(Records from a collection)
+-------+

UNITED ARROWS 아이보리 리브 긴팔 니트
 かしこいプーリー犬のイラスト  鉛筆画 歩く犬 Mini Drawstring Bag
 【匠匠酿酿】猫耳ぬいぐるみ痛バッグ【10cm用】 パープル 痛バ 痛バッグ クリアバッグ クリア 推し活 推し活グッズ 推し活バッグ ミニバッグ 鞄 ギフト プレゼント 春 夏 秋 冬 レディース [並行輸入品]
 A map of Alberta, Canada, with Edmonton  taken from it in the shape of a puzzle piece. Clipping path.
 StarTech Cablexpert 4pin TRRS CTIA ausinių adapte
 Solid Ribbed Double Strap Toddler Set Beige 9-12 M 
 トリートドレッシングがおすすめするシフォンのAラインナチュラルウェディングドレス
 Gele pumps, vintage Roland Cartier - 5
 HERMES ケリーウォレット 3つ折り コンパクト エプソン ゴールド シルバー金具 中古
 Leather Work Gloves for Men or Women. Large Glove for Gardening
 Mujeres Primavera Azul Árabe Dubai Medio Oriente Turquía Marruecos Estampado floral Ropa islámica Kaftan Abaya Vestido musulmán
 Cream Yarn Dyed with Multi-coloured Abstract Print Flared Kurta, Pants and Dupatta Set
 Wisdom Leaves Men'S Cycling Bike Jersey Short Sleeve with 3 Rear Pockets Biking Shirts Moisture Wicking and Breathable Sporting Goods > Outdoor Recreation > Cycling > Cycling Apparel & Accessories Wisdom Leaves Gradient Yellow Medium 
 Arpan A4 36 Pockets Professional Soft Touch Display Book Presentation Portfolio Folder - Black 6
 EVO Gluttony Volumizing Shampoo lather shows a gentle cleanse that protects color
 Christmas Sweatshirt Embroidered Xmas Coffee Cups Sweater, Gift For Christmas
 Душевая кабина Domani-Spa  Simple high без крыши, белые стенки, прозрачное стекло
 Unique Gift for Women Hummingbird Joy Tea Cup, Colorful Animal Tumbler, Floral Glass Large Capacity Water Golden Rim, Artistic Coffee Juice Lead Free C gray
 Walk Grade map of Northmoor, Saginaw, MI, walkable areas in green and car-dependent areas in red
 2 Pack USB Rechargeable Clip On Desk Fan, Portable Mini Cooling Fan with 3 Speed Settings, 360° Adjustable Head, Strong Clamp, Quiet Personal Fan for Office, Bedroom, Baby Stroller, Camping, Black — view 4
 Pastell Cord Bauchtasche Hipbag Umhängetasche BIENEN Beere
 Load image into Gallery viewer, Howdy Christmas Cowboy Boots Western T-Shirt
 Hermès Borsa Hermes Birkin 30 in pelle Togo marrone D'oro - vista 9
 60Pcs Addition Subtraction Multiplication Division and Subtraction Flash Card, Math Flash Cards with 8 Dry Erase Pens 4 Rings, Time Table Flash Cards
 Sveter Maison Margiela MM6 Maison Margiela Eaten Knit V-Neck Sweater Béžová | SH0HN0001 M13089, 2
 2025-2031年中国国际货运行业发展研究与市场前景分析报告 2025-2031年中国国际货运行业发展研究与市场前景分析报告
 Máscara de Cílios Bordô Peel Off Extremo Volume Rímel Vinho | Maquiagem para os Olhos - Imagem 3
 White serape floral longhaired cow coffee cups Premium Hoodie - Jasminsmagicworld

+-------+

■ **What you have to do**
Transcribe the records above from the line holding "HERMES ケリーウォレット 3つ折り" down to the line holding "Cream Yarn Dyed", inclusive, without adding anything.

■ **Response to this exercise**
 HERMES ケリーウォレット 3つ折り コンパクト エプソン ゴールド シルバー金具 中古
 Leather Work Gloves for Men or Women. Large Glove for Gardening
 Mujeres Primavera Azul Árabe Dubai Medio Oriente Turquía Marruecos Estampado floral Ropa islámica Kaftan Abaya Vestido musulmán
 Cream Yarn Dyed with Multi-coloured Abstract Print Flared Kurta, Pants and Dupatta Set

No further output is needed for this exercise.